**Exercise brief**
Omit every picture and return the rest of the data unaltered.

**Information shown**
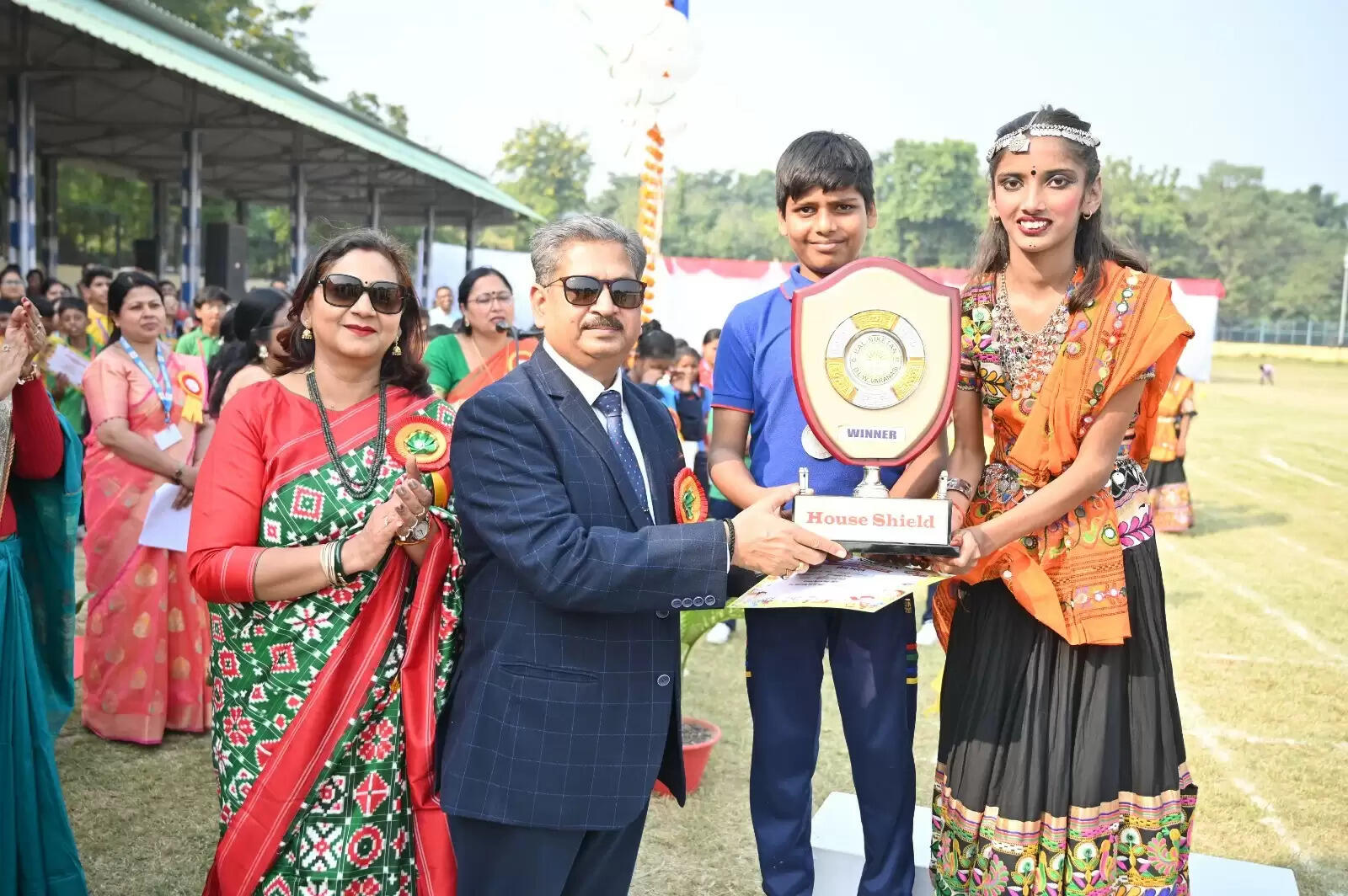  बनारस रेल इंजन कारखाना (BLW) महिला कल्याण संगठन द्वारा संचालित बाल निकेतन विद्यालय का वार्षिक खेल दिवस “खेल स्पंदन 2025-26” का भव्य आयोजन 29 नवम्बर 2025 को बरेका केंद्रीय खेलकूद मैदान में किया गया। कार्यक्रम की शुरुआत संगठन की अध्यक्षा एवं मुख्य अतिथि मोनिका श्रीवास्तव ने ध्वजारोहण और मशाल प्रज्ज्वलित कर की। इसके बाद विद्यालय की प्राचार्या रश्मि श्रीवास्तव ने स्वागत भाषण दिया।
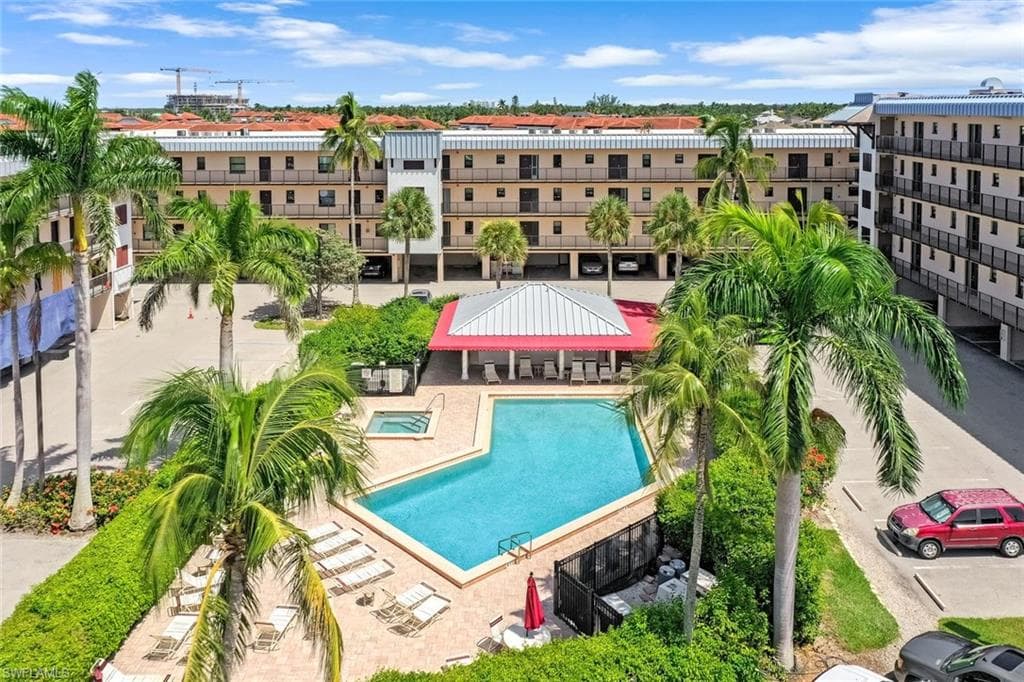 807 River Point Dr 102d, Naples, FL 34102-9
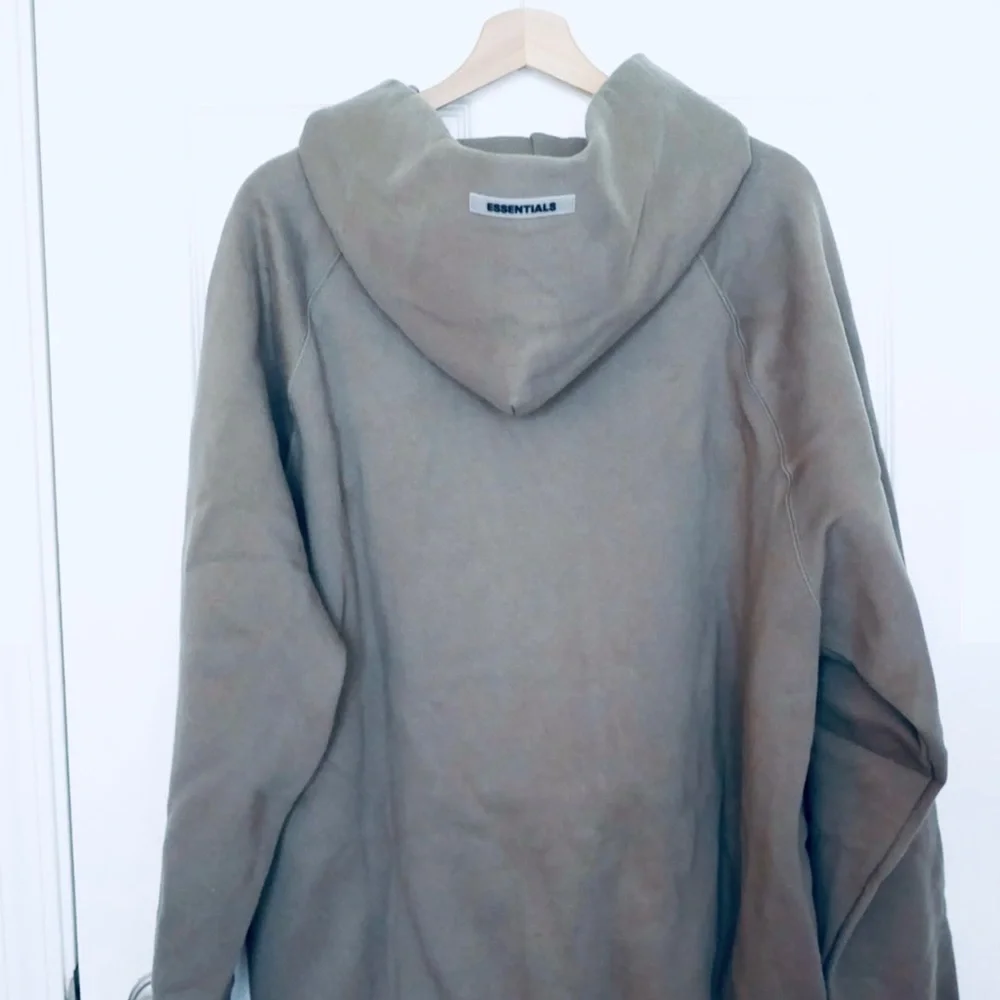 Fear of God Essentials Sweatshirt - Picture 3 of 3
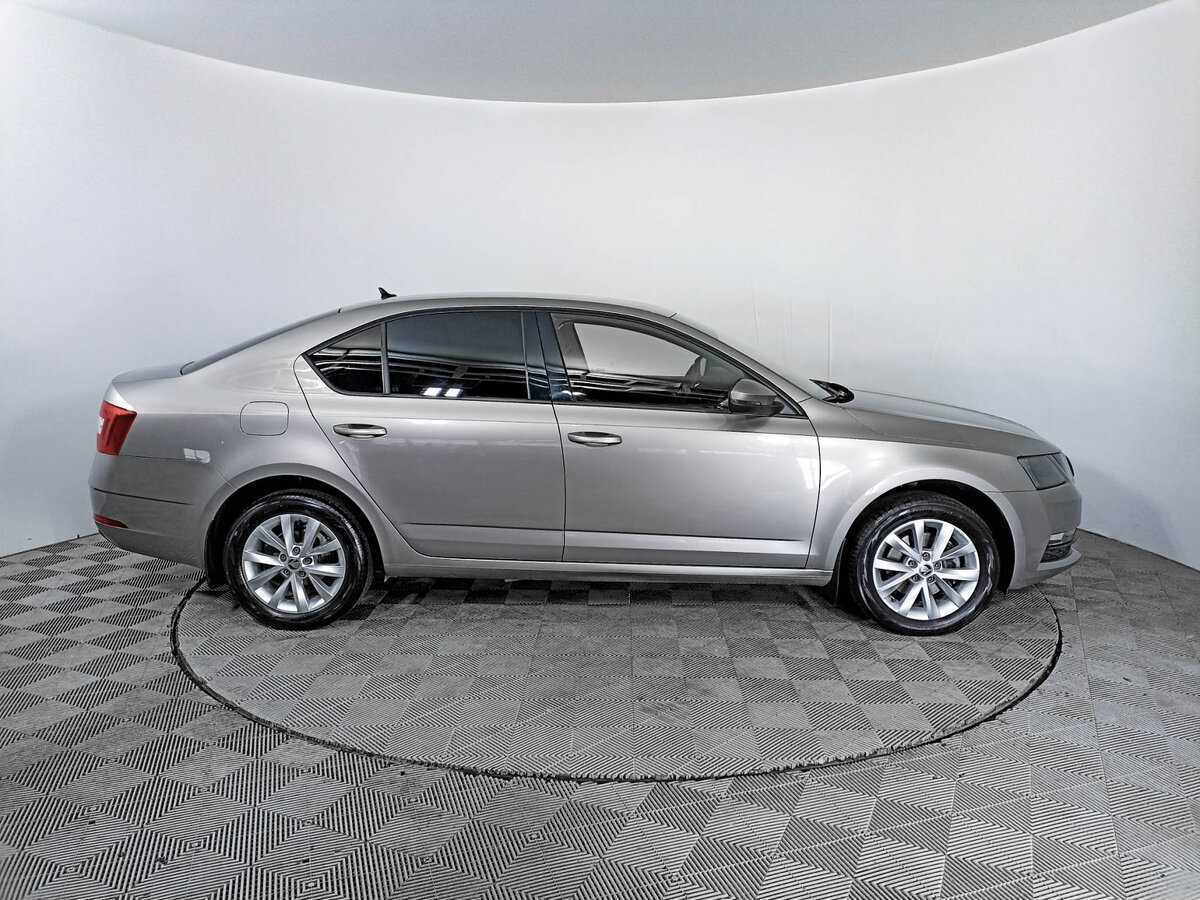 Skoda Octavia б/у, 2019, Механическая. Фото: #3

**Task response**
  बनारस रेल इंजन कारखाना (BLW) महिला कल्याण संगठन द्वारा संचालित बाल निकेतन विद्यालय का वार्षिक खेल दिवस “खेल स्पंदन 2025-26” का भव्य आयोजन 29 नवम्बर 2025 को बरेका केंद्रीय खेलकूद मैदान में किया गया। कार्यक्रम की शुरुआत संगठन की अध्यक्षा एवं मुख्य अतिथि मोनिका श्रीवास्तव ने ध्वजारोहण और मशाल प्रज्ज्वलित कर की। इसके बाद विद्यालय की प्राचार्या रश्मि श्रीवास्तव ने स्वागत भाषण दिया।
 807 River Point Dr 102d, Naples, FL 34102-9
 Fear of God Essentials Sweatshirt - Picture 3 of 3
 Skoda Octavia б/у, 2019, Механическая. Фото: #3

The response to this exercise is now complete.